When a conversion isn't value-exact: ParseError

If a leaf's raw value doesn't exactly fit the declared scalar, deserialization raises ParseError rather than guessing or silently leaving the value unconverted:

from omnist import parse_schema, read_json, ParseError

s = parse_schema('record R { "n": integer }\nroot R')
read_json('{"n": "abc"}', schema=s)
# ParseError: $.n: 'abc' cannot be read as integer (not a value-exact conversion)

1.5 into integer fails the same way (1.5 has a fractional part, so it's not a value-exact int), while 4.0 into integer succeeds (4.0 is value-exact as 4).

Conversion rules

The full, per-kind mapping of what validation accepts (checks a value already in the document, never converts) versus what deserialization additionally converts (and rejects) for each Scalar kind — along with the "bool never satisfies integer/number," "number always deserializes to float," "date/datetime stay mutually exclusive," and "shape mismatches are validation's job" notes that go with it — lives in one place: model spec §10, the formal definition this page's examples are derived from.

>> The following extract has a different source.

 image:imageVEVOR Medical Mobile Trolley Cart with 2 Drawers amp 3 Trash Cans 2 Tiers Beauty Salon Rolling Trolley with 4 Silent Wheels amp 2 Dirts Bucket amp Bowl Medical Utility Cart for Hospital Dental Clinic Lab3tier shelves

materialize: upgrading an already-parsed node

schema= on a reader is sugar for parsing, then calling materialize directly. Use materialize when you already have a node — from a reader called without schema=, from doc(), or built by hand — and want the same upgrade applied after the fact:

materialize(node, schema) -> node apply the schema-directed upgrade to an already-parsed node
from omnist import materialize, parse_schema, read_json

s = parse_schema('record R { "d": date }\nroot R')
node = read_json('{"d": "2024-01-01"}')          # no schema yet: 'd' is a str
materialize(node, s)                              # [('d', datetime.date(2024, 1, 1))]

See the API reference for the bare function signatures.